Los biólogos Sara Acosta y Rodrigo Mutis, egresados de la Universidad Nacional de Colombia, acaban de publicar con mucho esfuerzo y sin ningún apoyo estatal, un hermoso texto titulado “Mamíferos de Bogotá y dónde encontrarlos” que describe con el rigor científico necesario, en un lenguaje sencillo y claro, la insospechada diversidad de mamíferos que habitan en el Distrito Capital, muchos de los cuales son desconocidos por amplios sectores de la población bogotana: por ejemplo, seguramente muchos no sabíamos que en el río Bogotá alguna vez hubo nutrias. Conocer la biodiversidad de Bogotá y del país, es esencial para entender por qué es necesario defender la gran riqueza que atesoran nuestros ecosistemas, siempre asediados por la voracidad de los intereses económicos del capital especulativo como sucedió, por ejemplo, con la pretensión del alcalde Peñalosa y los grandes constructores que financiaron su campaña de cubrir con cemento la Reserva Forestal Thomas van der Hammen (Rodrigo Mutis siempre estuvo al frente de las movilizaciones que derrotaron las intenciones depredadoras del peor alcalde de Colombia y sus aliados), o comprender cómo fue que Tasajera pasó de la exuberancia pesquera a la pobreza infernal, según el acertado título de un artículo de Norman Alarcón Rodas, cambio que está en la base de la dolorosa tragedia ocurrida en las semanas pasadas.

Estudiar la biodiversidad local no significa renunciar al conocimiento de la ecología de otras regiones del mundo: saber sobre la importancia y composición de fauna y flora de los humedales de Bogotá, no implica desconocer la ecología de, por ejemplo, las sabanas africanas. El libro de los doctores Acosta y Mutis es una vía para ir del conocimiento particular al universal para después volver desde lo universal a lo particular, de tal manera que los dos, en el juego dialéctico de la unidad de contarios, se enriquecen y fortalecen.

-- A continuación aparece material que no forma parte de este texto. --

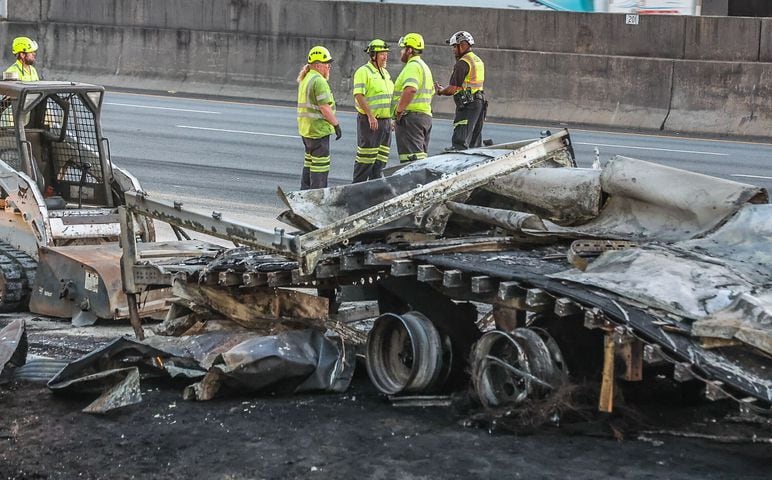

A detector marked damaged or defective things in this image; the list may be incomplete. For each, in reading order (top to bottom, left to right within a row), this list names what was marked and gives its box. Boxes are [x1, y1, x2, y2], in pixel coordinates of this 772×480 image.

burned truck wreckage [4, 130, 764, 424]
charred debris [3, 131, 768, 436]
fire damage [1, 130, 772, 446]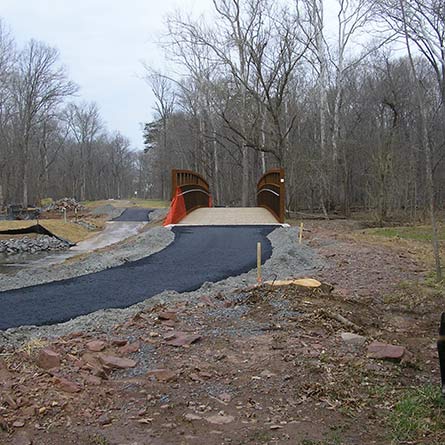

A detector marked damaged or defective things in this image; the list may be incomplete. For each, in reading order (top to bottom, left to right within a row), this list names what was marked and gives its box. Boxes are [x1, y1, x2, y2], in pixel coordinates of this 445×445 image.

rusted steel arch [255, 166, 286, 222]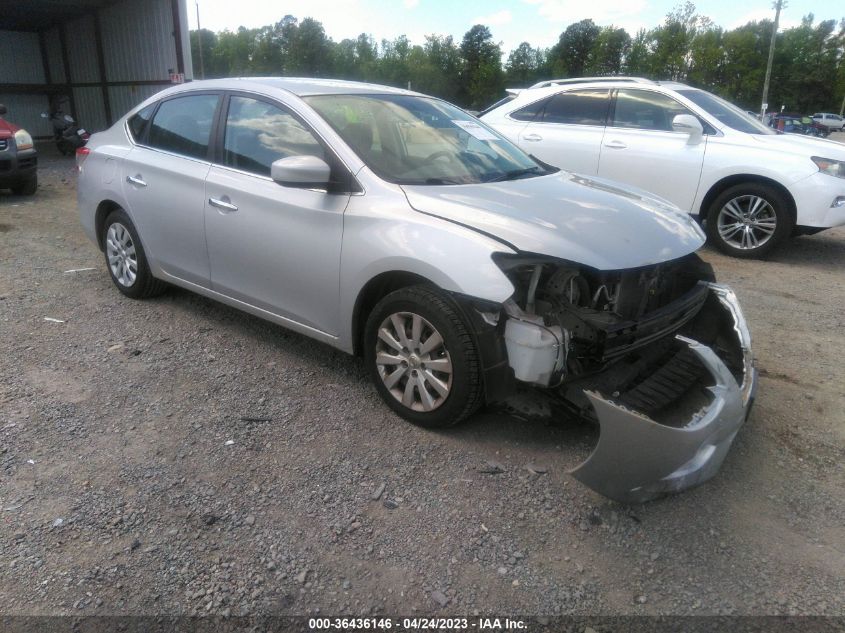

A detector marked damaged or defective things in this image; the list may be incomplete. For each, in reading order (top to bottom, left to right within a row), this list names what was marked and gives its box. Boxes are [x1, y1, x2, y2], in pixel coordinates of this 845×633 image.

damaged silver sedan [76, 78, 756, 504]
crushed front end [484, 252, 756, 504]
crumpled front bumper [572, 284, 756, 502]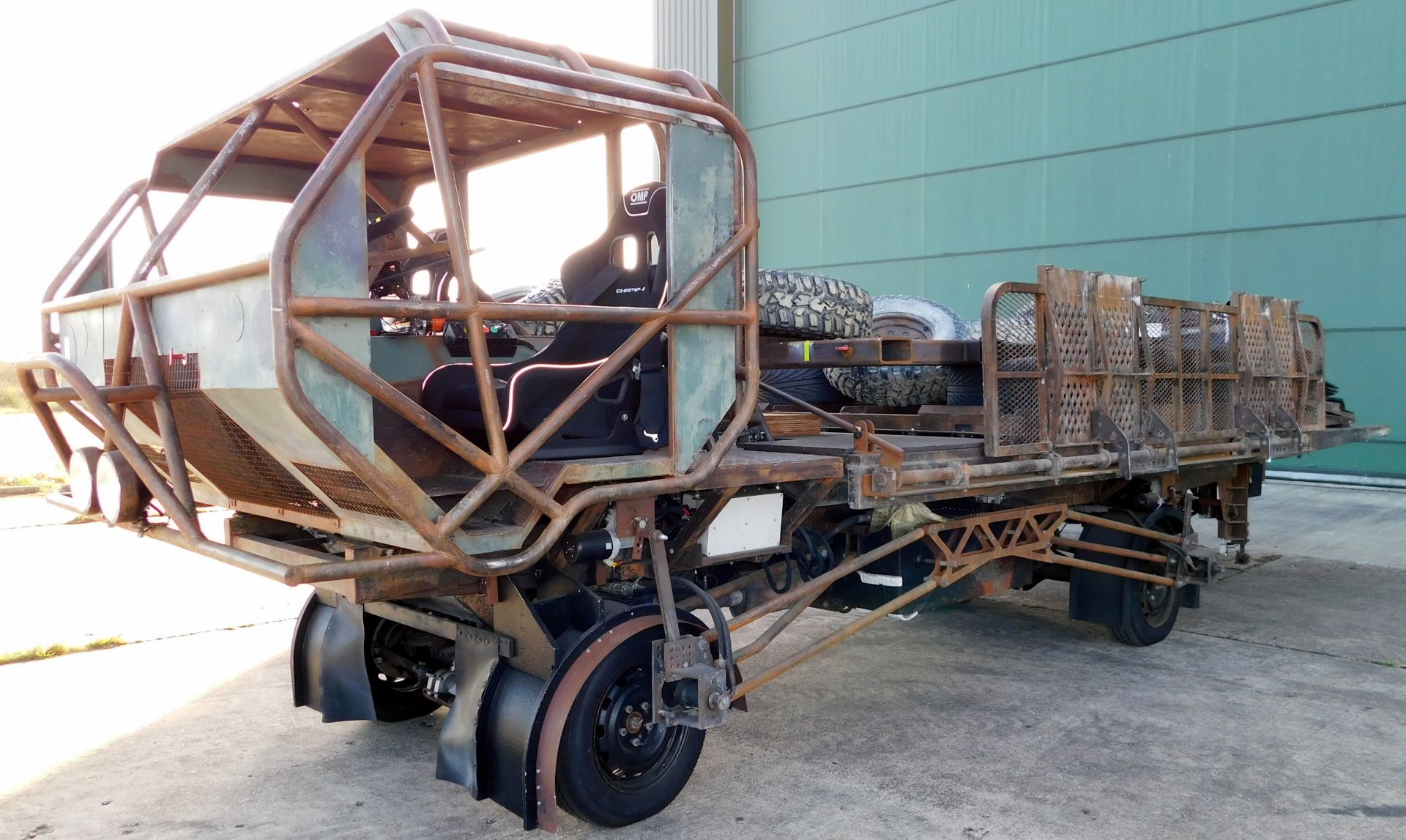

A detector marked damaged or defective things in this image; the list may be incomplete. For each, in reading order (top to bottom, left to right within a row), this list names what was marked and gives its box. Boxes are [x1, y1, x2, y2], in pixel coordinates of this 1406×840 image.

rusty steel roll cage [24, 16, 759, 585]
rusty metal tube [731, 576, 939, 700]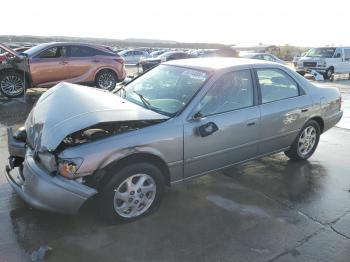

“Mamíferos de Bogotá” es también una propuesta lúdica, pues invita a que niños y adultos coloreen el borugo, el puma, el oso de anteojos y todos los otros mamíferos allí descritos. El libro es un excelente material de apoyo para todos los maestros de Ciencias Naturales tanto a nivel de la educación primaria como de la secundaria, un medio para poner al lector en contacto directo con el conocimiento científico; además, Sara y Rodrigo han renunciado a la mayoría de los derechos de autor avanzado así hacia una plena democratización del saber científico. Ojalá que el ejemplo de estos dos jóvenes biólogos se replique en muchos lugares del país, para que se forjen generaciones comprometidas en la defensa de los más altos valores de la nacionalidad colombiana. Quedamos a la expectativa de los nuevos aportes científicos y artísticos que vayan surgiendo durante el andar de tan admirable empresa, que merece el apoyo decidido de muchas manos.